Southern California's air is getting healthier, and with that the chances of getting cancer from inhaling toxins has fallen significantly.
The risk of cancer from airborne pollutants has dropped by more than 50 percent on average since 2005, according to a study released Thursday by the region's air quality regulators.
Concerted efforts to reduce emissions from diesel trucks and other vehicles account for much of the drop.
The findings may not surprise residents of the region long cited for poor air quality. Unlike previous decades, it's now uncommon for smog to brown out the mountains that crisscross the region.
Still, risks persist from toxic pollutants such as diesel particulate matter and benzene.
Those risks are still some of the highest in the nation, said Philip Fine, assistant deputy executive officer with the South Coast Air Quality Management District, which conducted the study.
Exact comparisons between Southern California and other metropolitan areas are not possible because other areas measure risk differently, according to officials with the air district.
Their study was conducted in 2012-2013 and was the fourth of its kind, with the first in 1987. Each time, the region's air quality has gotten better, though the improvement this time was greater than in the past.
However, air management district officials also noted that calculations of cancer risk from the particles have been underestimated.
The California Office of Environmental Health Hazard Assessment found that actual cancer risk due to the toxins tracked in the study is about three times greater than current state guidelines suggest.
Those findings are being reviewed and the guidelines could be updated in 2015, which would increase the cancer risk figures the air district has reported over the years.
The expected revision "does not change the fact that actual emissions and risk have declined by more than 50 percent since 2005," the air management board said in a statement.

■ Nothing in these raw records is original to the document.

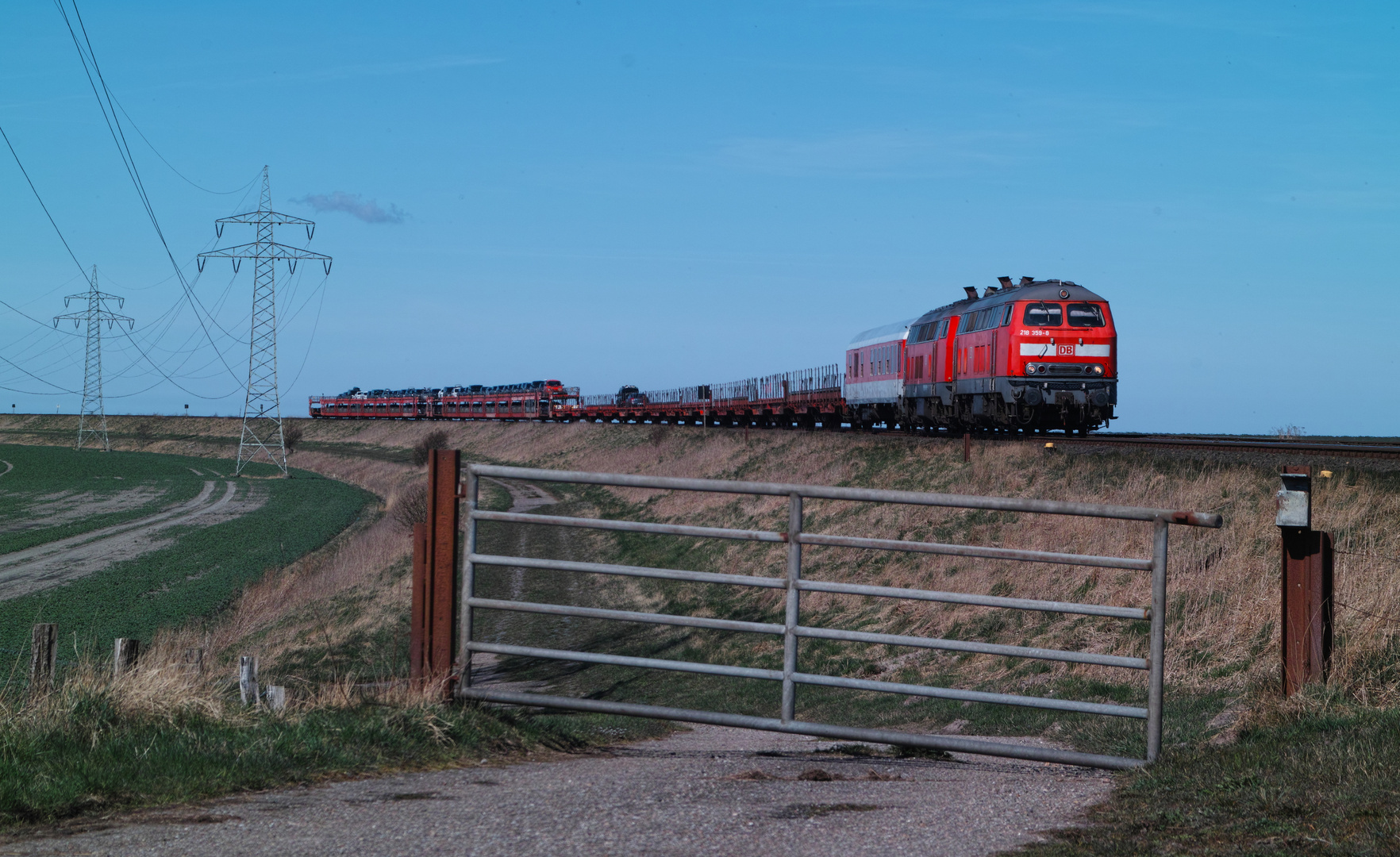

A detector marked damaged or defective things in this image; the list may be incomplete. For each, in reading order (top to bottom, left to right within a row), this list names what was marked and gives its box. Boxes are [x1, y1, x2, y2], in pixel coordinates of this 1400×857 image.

rusty metal post [29, 627, 56, 691]
rusty metal post [409, 521, 425, 683]
rusty metal post [422, 448, 462, 697]
rusty metal post [1276, 464, 1327, 691]
rusty metal gate post [1282, 467, 1333, 697]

For every 1 million people who live in Southern California for 70 years, 418 would be expected to develop cancer due directly to the current levels of toxic air - compared to 1,194 extra cases based on 2005 air quality, according to the study.

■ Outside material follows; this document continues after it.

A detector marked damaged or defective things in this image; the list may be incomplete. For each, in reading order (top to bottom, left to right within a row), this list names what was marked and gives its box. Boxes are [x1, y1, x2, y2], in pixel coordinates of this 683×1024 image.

That reduction is "probably larger than anyone expected," said Scott Fruin, a professor of preventive medicine at the University of Southern California who has studied the region's air quality.
The area of greatest concern remains around the massive ports of Los Angeles and Long Beach, where thousands of trucks and huge ocean-going ships carry goods near neighborhoods. Air-associated cancer risk there is at least double that of other urban areas of Los Angeles, Orange, Riverside and San Bernardino counties.
Changes to diesel trucks starting in 2007 had a major impact on reducing emissions. Both of the ports also have made efforts to reduce pollution from cargo ships.
In one sign of how effective those efforts have been, the study showed that cancer risk in areas near the ports had dropped to risk levels that were about the same as regulators calculated in 2005 for areas far from the ports.
Overall, based on measurements from 10 monitoring stations spread across the four counties, cancer risk declined 65 percent. Computer models for areas elsewhere in the region concluded that risk fell 57 percent.